Application Number: 10/616,848

Abstract

A method, apparatus and computer instructions for handling a failure of a primary adapter in a data processing system. The primary adapter is monitored for the failure by the device driver. A standby adapter handled by the device driver is switched in place of the primary adapter in response to detecting the failure.

Description

Description

BACKGROUND OF THE INVENTION

1. Technical Field

The present invention relates generally to an improved data processing system and in particular, a method and apparatus for processing data. Still more particularly, the present invention provides a method, apparatus, and computer instructions for managing adapters in a data processing system.

2. Description of Related Art

A network data processing system is a system that transmits data between different data processing systems. The network data processing system includes the network operating system in the client and server machines, the cables connecting them and all supporting hardware in between such as bridges, routers and switches. In wireless systems, antennas and towers are also part of the network data processing system.
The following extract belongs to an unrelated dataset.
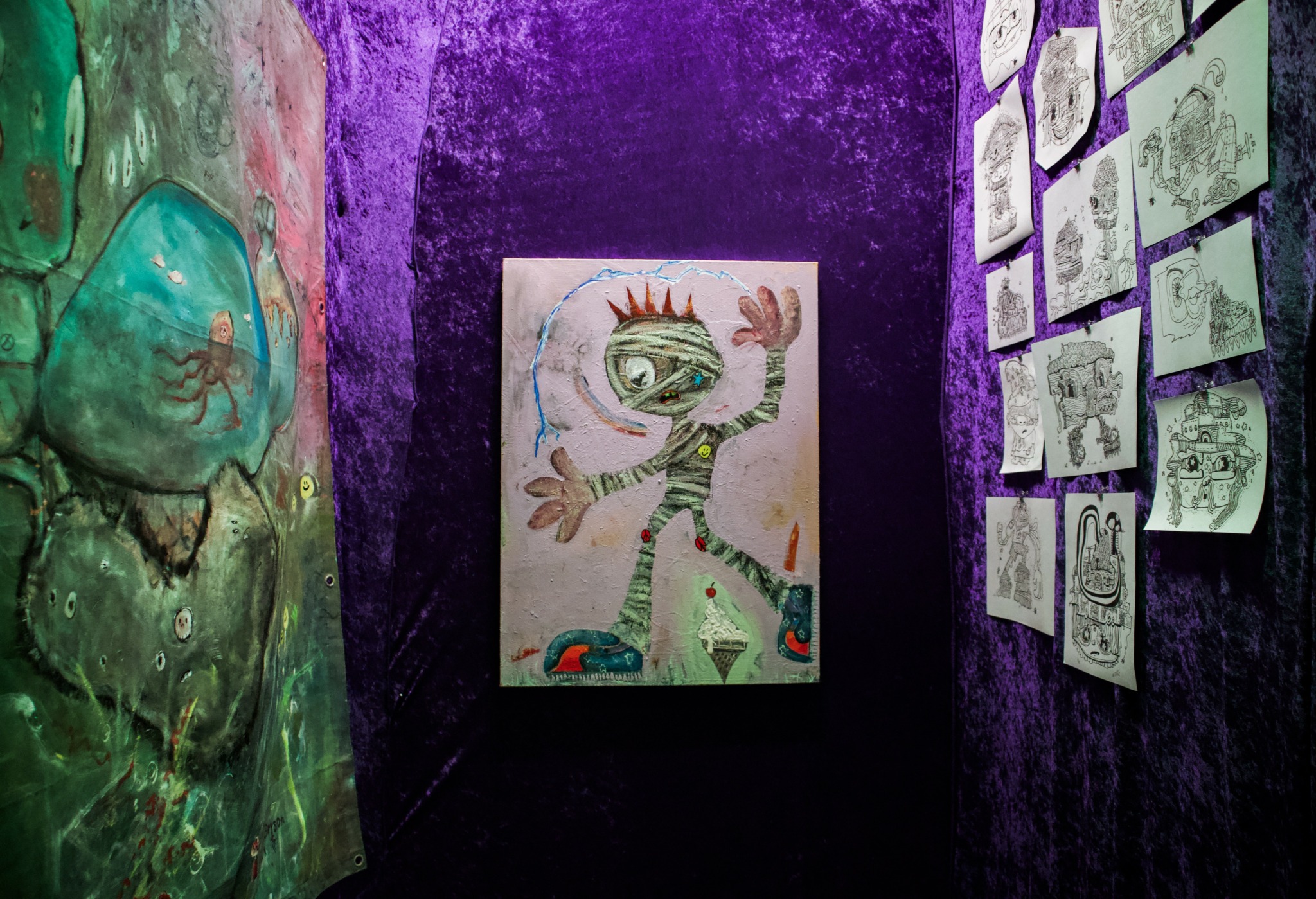Narrow art display with colorful paintings and sketches on purple walls, featuring a central abstract creature and sketches on the right.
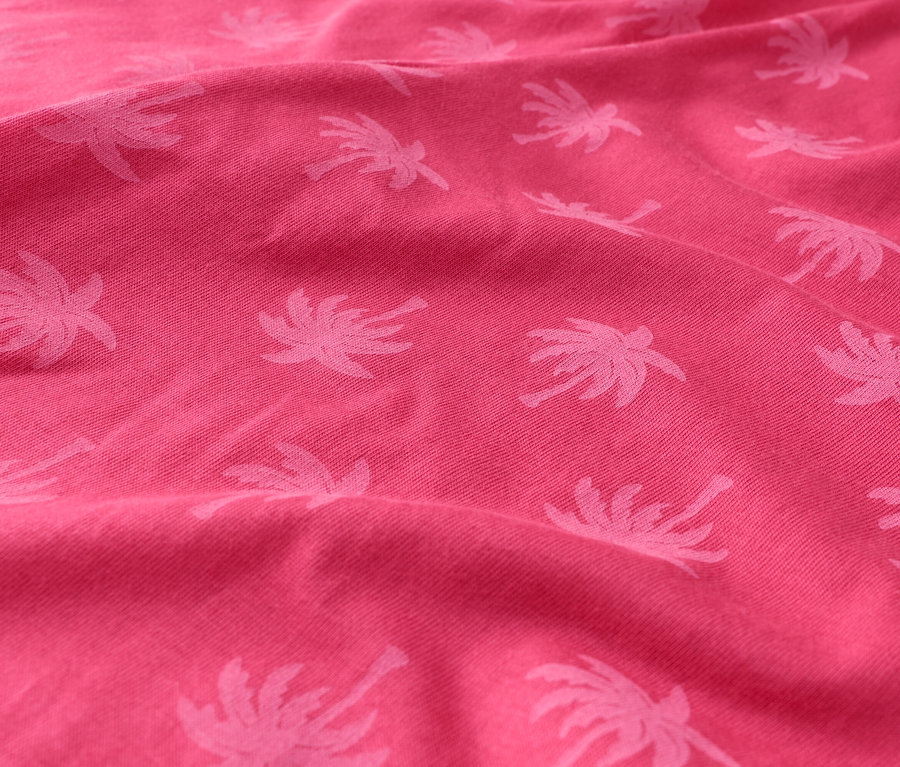 Nahaufnahme eines pinkfarbenen Stoffes mit Palmenmuster.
A server is a data processing system that is shared by a number of other client data processing systems. A server provides data, such as boot files, operating system images, and applications to clients. For example, a Web server provides Web pages to hundreds or even thousands of different clients on a regular basis. One desired feature of a server is to provide uninterrupted networking services for its clients, even in the event of a hardware failure.

For example, if a network adapter fails on a server, another network adapter may be brought into use through a failover mechanism or procedure. A failover mechanisms switches from a primary or current unit to a standby or back-up unit in the event a primary or current unit fails. The time in which a switch between units occurs is critical for some real-time applications. Currently, failover mechanisms for network adapters are handled on the Transmission Control Protocol (TCP)/Internet Protocol (IP) layer with an application in the user space managing the failover process. This current process is lengthy with respect to real-time applications and may result in a loss of data or other interruption in a failover process.

Therefore, it would be advantageous to have an improved method, apparatus, and computer instructions for a failover process for adapters.

SUMMARY OF THE INVENTION

The present invention provides a method, apparatus and computer instructions for handling a failure of a primary adapter in a data processing system. The primary adapter is monitored for the failure by the device driver. A standby adapter handled by the device driver is switched in place of the primary adapter in response to detecting the failure.

BRIEF DESCRIPTION OF THE DRAWINGS

The novel features believed characteristic of the invention are set forth in the appended claims. The invention itself, however, as well as a preferred mode of use, further objectives and advantages thereof, will best be understood by reference to the following detailed description of an illustrative embodiment when read in conjunction with the accompanying drawings, wherein:

FIG. 1 is a block diagram of a data processing system that may be implemented as a server in accordance with a preferred embodiment of the present invention;

FIG. 2 is a diagram illustrating a conventional known failover architecture in accordance with a preferred embodiment of the present invention;

FIG. 3 is a diagram illustrating a failover architecture in accordance with a preferred embodiment of the present invention; and

FIG. 4 is a flowchart of a process for managing network adapters is in accordance with a preferred embodiment of the present invention.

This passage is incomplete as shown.